As a teenager, when I showed glimpses of my real self, people thought I was weird. I was a 14-year-old girl listening to Runaway by Del Shannon and old soul music while everyone else was into bassline. So I hid my old albums. I bought the music everyone else liked. I masked, because having friends felt better than being alone.
It wasn’t better.
It harmed me — slowly, quietly — and I didn’t even realise I was losing myself.
I masked for nearly 20 years.
The only person I have ever been completely myself with is my husband. From the very beginning. In the first week I met him, I sat on his knee and accidentally trumped. I was mortified.
He laughed and said, “Good lass.”
And he came back the next day.
He never tried to fix me or change me. He’s had his own struggles with being misunderstood, and somehow we found each other. We were brought up to believe we were “different” — and together, we fit perfectly.
He grew up rough and ready, into bassline, niche, and 90s rap. I grew up on old soul and 1950s music — the stuff my friends ripped the piss out of. Alone together, we could finally be real. That was our bubble.
When everything collapsed in 2020 and I finally understood myself, I made a promise: I will never mask again.
I’m going to be unapologetically me. I’m going to tell my story. If people want to read, they can. If they don’t, they can scroll.
My message is simple: be yourself.
I’m me. I have my mum, my husband, my kids, my dad now and again. I speak to my nan every couple of weeks, my auntie every couple of weeks, and we see my husband’s mum on Sundays. We’ve found a level of peace — no drama, no bullshit.
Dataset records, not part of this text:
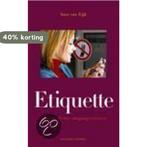 Etiquette 9789025418526 I. van Eijk, Verzenden, Gelezen, I. van Eijk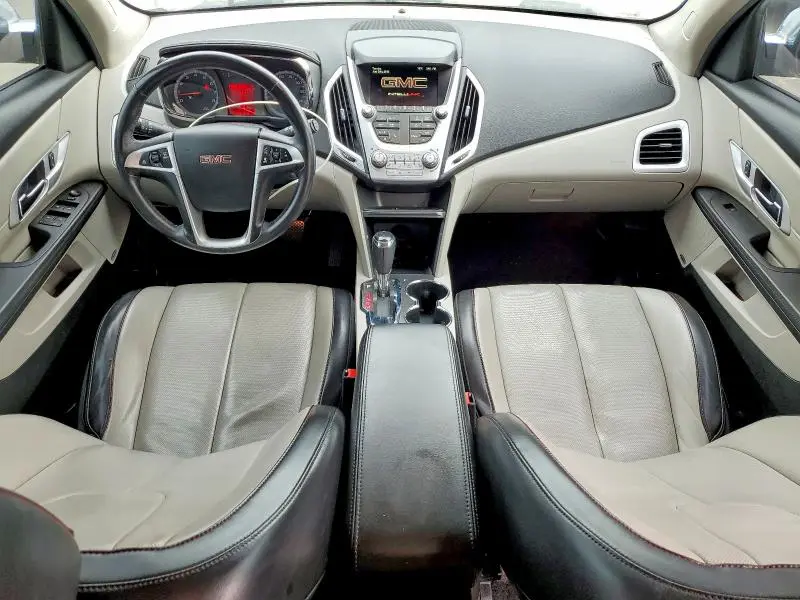 2016 GMC TERRAIN SLT  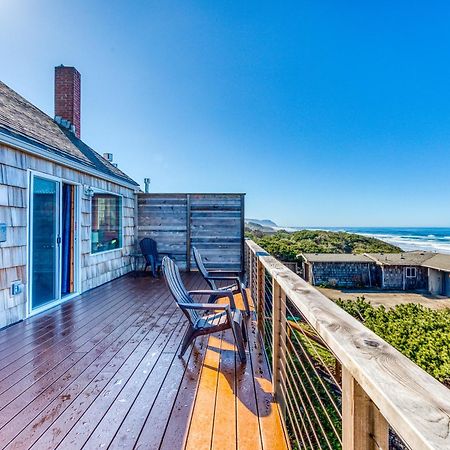 Cape Cod Cottages - #2 Waldport Exteriér fotografie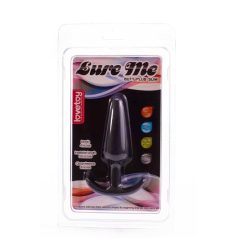 LURE ME Classic Anal Plug S Black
We listen to country music and 1950s tunes, with the occasional bit of 90s and niche thrown in. Our house is cottage-core on the inside and a shit-hole on the outside — which is exactly why I’m doing this blog.
As I fix myself, I’m fixing my home and my garden too. I’m making it how we like it.
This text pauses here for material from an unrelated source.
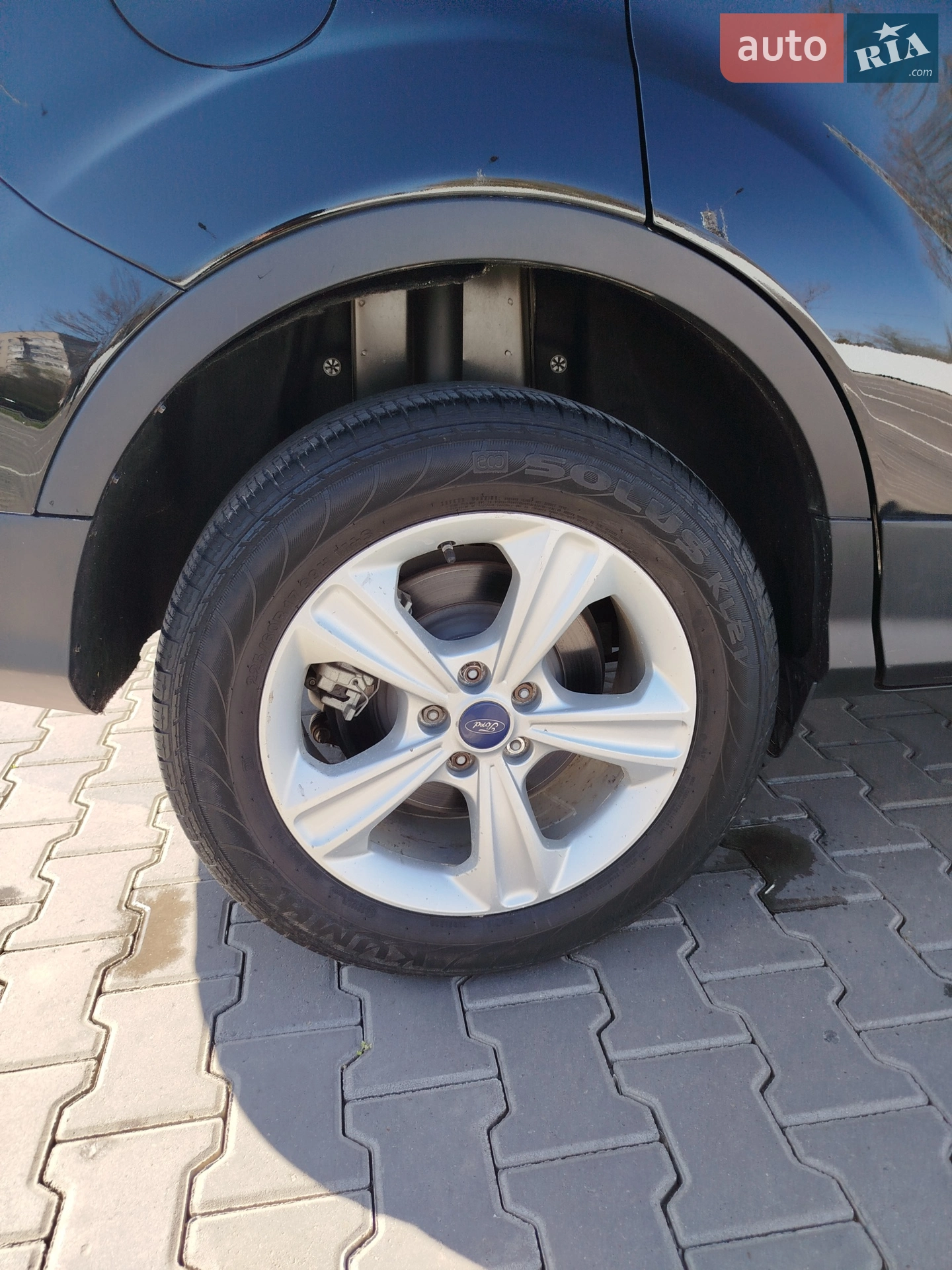 2017 Ford Escape - мініатюра 22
Fuck what everyone else thinks.
We’re creating our peace — until I’m fully independent again, my husband can go back to work, and I can be me again.
The real me.
Why this blog exists
I’ve been stagnant for six years — surviving, but not building. And now I want peace.
I want to be loved for who I am. I want to accept myself. I want to create a life that fits my brain instead of breaking myself trying to fit the world.
This blog is me rebuilding — openly. Autism. ADHD. Motherhood. Marriage. Trauma. Boredom. Joy. Gardening. Creativity. Healing. Being alive.
I want to build a small, quiet life. A garden. A bunny patch. A pond. Maybe ducks. A fruit and veg patch. Preserving food. Baking. Creating. One day, a cosy shed — a little peace pod — where I can work from home and make things.
If people ever want to support that journey, I’ll be open about it — not from entitlement, but from hope.
Mostly, I want to find my people.
So here goes.
This is Day 1.
And now… I can finally breathe.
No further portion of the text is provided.